»»

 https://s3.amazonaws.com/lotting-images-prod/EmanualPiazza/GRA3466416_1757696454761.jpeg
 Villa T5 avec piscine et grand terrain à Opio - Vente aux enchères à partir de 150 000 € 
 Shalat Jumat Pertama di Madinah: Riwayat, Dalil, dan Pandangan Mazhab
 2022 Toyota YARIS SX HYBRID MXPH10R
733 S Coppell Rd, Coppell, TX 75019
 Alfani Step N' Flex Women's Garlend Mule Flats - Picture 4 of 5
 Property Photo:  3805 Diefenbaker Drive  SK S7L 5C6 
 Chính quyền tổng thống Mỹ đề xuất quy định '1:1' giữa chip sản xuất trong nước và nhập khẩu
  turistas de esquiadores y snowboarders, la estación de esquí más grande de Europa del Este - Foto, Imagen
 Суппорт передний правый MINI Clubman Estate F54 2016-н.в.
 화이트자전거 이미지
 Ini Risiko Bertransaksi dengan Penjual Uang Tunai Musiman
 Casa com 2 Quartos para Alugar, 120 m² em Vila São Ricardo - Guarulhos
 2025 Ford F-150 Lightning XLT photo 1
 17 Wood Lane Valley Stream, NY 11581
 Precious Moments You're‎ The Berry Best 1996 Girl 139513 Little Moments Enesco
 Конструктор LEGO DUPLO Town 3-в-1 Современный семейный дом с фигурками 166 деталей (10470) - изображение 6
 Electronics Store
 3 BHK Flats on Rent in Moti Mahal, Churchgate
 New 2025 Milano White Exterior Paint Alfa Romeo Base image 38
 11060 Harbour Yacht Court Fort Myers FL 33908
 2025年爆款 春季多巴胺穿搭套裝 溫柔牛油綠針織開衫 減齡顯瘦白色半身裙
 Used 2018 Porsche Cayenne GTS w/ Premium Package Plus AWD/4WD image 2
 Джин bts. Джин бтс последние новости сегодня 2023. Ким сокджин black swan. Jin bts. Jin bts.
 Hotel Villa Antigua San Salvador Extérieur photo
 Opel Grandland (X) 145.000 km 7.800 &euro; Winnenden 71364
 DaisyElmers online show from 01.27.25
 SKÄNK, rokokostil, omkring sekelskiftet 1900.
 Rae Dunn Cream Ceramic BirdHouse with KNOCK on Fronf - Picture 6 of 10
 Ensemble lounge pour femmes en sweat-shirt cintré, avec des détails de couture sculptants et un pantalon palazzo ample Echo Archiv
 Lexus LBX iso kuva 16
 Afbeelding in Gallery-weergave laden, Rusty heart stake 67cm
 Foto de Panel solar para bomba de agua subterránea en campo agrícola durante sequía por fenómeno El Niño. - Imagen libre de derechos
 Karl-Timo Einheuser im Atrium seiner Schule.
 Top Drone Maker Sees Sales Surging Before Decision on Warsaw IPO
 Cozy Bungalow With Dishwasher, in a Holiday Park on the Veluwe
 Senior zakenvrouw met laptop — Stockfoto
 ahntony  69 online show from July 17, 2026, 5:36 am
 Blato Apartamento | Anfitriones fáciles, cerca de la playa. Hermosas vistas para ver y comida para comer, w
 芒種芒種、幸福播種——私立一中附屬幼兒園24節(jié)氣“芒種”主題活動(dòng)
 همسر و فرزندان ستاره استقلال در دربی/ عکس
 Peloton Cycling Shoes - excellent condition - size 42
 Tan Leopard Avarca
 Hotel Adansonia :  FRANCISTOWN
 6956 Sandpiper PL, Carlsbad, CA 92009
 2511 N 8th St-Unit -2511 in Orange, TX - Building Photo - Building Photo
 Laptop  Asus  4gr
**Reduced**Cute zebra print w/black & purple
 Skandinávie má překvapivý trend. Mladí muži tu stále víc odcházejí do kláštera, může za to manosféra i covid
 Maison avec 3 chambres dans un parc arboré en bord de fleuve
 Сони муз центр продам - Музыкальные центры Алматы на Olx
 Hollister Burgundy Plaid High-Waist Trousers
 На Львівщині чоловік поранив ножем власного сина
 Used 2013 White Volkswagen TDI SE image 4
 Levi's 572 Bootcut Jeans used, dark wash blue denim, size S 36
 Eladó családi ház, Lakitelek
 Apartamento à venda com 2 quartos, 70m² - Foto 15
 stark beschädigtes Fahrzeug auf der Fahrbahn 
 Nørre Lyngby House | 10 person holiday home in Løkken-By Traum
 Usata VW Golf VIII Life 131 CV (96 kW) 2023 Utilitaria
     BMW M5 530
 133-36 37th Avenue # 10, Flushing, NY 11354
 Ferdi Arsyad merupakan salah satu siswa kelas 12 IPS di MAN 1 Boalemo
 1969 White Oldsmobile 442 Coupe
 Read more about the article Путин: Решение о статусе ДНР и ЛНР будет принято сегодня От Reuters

««

Work instruction: Which lines of the listing contain the string "сегодня"? Copy each of them.

Solution to the exercise:
 Джин bts. Джин бтс последние новости сегодня 2023. Ким сокджин black swan. Jin bts. Jin bts.
 Read more about the article Путин: Решение о статусе ДНР и ЛНР будет принято сегодня От Reuters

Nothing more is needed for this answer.